Task = Please return only the lines from the one holding "Set baloane de" through the one holding "AllSaints Gleason denim overhemd Grijs", exactly as they appear in the records below, both ends included.
--------------------
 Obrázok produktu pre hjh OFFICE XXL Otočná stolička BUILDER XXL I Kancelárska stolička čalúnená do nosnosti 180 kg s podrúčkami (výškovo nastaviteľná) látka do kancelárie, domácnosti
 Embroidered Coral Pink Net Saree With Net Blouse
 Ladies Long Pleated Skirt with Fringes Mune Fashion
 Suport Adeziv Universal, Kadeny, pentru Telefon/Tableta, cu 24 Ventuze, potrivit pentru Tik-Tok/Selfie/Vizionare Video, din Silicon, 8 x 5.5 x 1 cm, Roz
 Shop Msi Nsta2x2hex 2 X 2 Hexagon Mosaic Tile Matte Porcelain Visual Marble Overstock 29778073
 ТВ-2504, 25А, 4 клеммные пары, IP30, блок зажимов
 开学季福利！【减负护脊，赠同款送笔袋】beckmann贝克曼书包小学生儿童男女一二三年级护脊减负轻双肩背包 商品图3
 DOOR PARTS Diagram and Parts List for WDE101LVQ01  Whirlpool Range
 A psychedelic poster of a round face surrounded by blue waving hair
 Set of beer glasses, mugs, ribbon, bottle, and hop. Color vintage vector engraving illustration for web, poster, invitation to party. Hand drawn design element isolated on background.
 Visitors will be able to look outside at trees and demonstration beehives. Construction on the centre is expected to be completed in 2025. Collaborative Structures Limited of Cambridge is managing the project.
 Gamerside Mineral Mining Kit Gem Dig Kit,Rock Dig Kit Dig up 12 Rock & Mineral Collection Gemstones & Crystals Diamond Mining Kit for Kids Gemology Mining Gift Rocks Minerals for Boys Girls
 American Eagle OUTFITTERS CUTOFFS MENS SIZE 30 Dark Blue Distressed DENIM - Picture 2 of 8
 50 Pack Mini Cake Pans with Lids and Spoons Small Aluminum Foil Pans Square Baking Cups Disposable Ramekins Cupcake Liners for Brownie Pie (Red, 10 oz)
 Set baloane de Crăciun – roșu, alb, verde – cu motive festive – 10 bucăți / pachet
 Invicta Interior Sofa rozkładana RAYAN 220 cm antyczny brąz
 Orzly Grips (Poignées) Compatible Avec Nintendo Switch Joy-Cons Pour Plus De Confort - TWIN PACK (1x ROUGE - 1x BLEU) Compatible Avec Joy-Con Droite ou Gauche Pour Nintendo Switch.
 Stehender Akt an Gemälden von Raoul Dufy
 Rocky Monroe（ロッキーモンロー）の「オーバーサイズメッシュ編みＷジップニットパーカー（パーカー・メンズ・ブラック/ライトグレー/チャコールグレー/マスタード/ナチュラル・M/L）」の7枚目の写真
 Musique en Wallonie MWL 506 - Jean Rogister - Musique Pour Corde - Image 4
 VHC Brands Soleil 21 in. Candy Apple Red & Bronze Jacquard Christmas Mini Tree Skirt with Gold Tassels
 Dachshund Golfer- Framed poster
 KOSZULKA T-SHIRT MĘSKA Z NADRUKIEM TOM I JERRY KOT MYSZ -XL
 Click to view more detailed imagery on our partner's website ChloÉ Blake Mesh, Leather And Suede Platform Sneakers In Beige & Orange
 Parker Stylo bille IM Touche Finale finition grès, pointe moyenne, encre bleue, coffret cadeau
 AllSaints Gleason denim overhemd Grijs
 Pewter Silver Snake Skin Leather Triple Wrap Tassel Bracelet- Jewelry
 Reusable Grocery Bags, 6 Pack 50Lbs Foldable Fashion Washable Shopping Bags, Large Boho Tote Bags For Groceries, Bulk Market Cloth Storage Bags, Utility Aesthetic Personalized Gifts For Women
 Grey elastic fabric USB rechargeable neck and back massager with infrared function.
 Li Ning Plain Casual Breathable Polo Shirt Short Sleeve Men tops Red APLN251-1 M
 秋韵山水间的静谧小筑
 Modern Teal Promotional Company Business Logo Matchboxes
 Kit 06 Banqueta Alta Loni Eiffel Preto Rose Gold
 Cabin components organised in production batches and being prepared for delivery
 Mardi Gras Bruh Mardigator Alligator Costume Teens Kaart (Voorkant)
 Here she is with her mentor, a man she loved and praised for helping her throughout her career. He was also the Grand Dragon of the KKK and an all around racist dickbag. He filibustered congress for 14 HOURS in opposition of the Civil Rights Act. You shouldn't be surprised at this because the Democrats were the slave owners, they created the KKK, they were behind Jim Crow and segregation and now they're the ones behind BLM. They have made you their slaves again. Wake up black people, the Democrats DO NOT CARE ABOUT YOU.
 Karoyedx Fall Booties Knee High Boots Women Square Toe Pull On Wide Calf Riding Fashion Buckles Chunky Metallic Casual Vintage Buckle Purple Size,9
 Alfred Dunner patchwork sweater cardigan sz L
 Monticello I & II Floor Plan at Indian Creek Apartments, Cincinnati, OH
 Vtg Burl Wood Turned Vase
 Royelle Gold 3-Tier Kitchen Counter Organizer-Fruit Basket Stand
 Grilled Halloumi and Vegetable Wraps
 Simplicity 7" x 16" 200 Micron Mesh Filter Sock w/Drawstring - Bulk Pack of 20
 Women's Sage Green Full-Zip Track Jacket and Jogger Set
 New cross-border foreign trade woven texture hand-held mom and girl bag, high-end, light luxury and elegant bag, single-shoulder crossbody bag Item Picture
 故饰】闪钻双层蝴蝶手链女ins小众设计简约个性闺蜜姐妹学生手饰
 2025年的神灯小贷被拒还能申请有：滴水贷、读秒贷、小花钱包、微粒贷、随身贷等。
--------------------
Expected output =
 Set baloane de Crăciun – roșu, alb, verde – cu motive festive – 10 bucăți / pachet
 Invicta Interior Sofa rozkładana RAYAN 220 cm antyczny brąz
 Orzly Grips (Poignées) Compatible Avec Nintendo Switch Joy-Cons Pour Plus De Confort - TWIN PACK (1x ROUGE - 1x BLEU) Compatible Avec Joy-Con Droite ou Gauche Pour Nintendo Switch.
 Stehender Akt an Gemälden von Raoul Dufy
 Rocky Monroe（ロッキーモンロー）の「オーバーサイズメッシュ編みＷジップニットパーカー（パーカー・メンズ・ブラック/ライトグレー/チャコールグレー/マスタード/ナチュラル・M/L）」の7枚目の写真
 Musique en Wallonie MWL 506 - Jean Rogister - Musique Pour Corde - Image 4
 VHC Brands Soleil 21 in. Candy Apple Red & Bronze Jacquard Christmas Mini Tree Skirt with Gold Tassels
 Dachshund Golfer- Framed poster
 KOSZULKA T-SHIRT MĘSKA Z NADRUKIEM TOM I JERRY KOT MYSZ -XL
 Click to view more detailed imagery on our partner's website ChloÉ Blake Mesh, Leather And Suede Platform Sneakers In Beige & Orange
 Parker Stylo bille IM Touche Finale finition grès, pointe moyenne, encre bleue, coffret cadeau
 AllSaints Gleason denim overhemd Grijs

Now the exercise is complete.